The aorta divides into many branches, which in turn divide into smaller ones until the entire body is supplied by a branching series of blood vessels. The smallest arteries divide into a fine network of still more minute vessels, the capillaries, which have extremely thin walls. In the capillaries, the blood releases its oxygen to tissues, furnishes to the body cells the nutrients and other essential substance that it carries, and it takes up waste products from the tissues. The capillaries then come together to form small veins. Those veins unite with each other to form larger veins until the blood is finally collected into the superior and inferior vena cava from which it goes to the heart, completing the circuit. While this process is taking place typical sounds can be heard.
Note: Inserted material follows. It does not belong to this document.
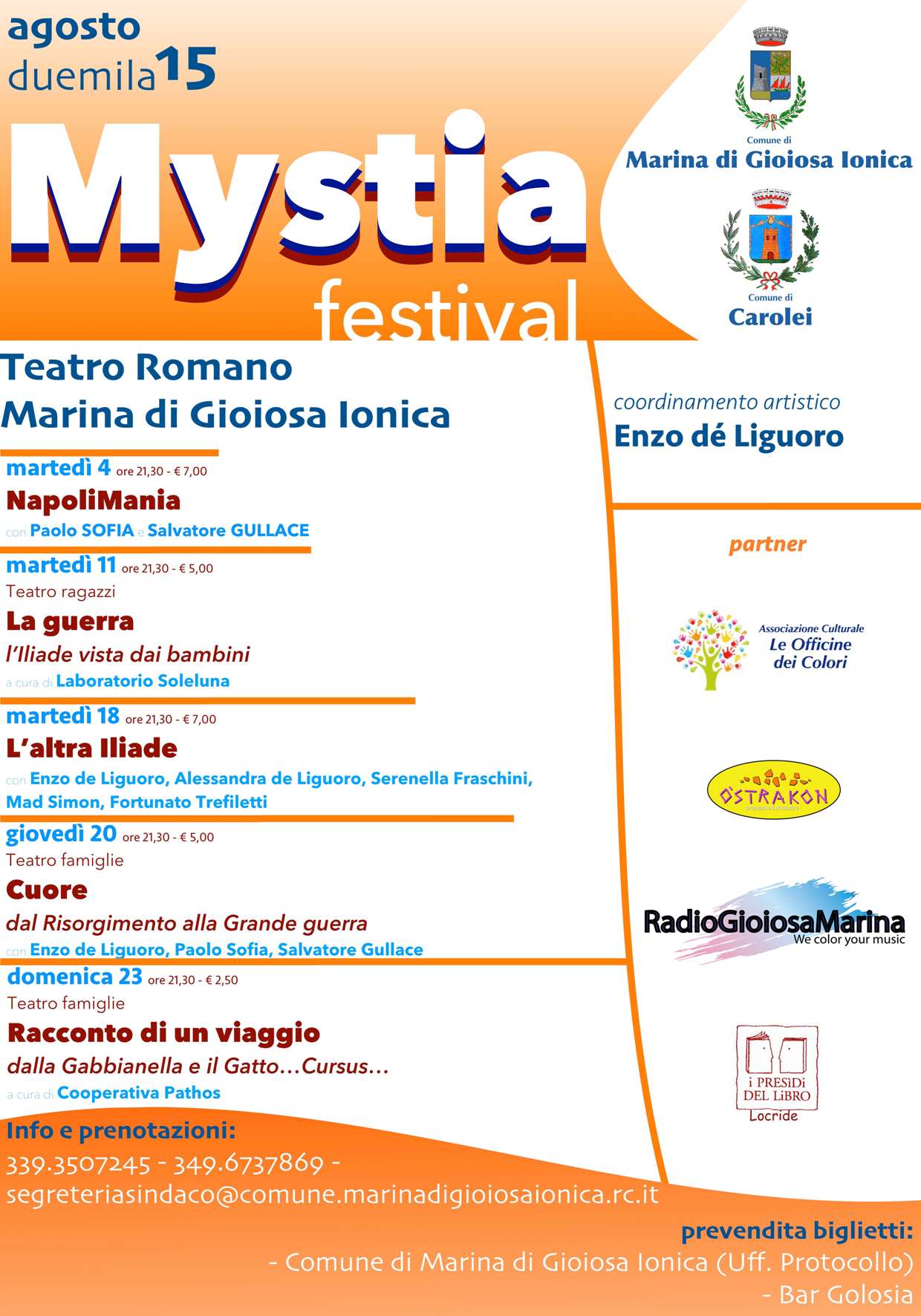 MARINA DI GIOIOSA JONICA: AL VIA IL MYSTIA FESTIVAL -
The sounds are generally referred to as lub b- dub b. The first sound, or systolic sound, is caused by the contraction of the ventricles and the closing of the atrioventricular (tricuspid and mitral) valves. The second sound, or diastolic sound, is caused by the closing of the semilunar (pulmonary and aortic) valves. Since the heart is a vital part of our well being it is important to keep it in good condition. However, problems do arise and there are many conditions and disorders of the cardiovascular system. Three examples are hypertension, heart failure, and congestive heart failure.
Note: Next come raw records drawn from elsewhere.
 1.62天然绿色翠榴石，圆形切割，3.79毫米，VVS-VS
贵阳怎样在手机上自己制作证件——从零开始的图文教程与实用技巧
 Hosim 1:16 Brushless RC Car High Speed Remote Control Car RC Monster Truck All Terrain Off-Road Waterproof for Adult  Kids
Hypertension, or high blood pressure, is very common. Over 60 million cases have been diagnosed in the US Ninety percent of these cases are primary-essential, idiopathic, that is there is no known cause. Secondary HON is caused by hormonal problems or kidney disease, or pregnancy, oral contraceptives, or other causes. Heart failure is the inability of the heart to pump enough blood to sustain life. Valve disorders can reduce the pumping efficiency. Cardiomyopathy is a disease of the myocardial tissue which can also reduce pumping effectiveness.
Right-side heart failure accounts for 25% of all cases of heart failure. It often results from left side heart failure or lung disorders that obstruct pulmonary circulation. Congestive heart failure, left-side heart failure, is the inability of the left ventricle to pump effectively. This results from myocardial infarction caused by coronary artery disease. It is called congestive heart failure because it decreases pumping pressure in the systemic circulation, which in turn causes the body to retain fluids. The cardiovascular system is critical in our bodies for the transportation of many nutrients.
Without the cardiovascular system our body would not be supplied with the necessary substance to stay alive. For this reason we must make sure to pay special attention to our hearts.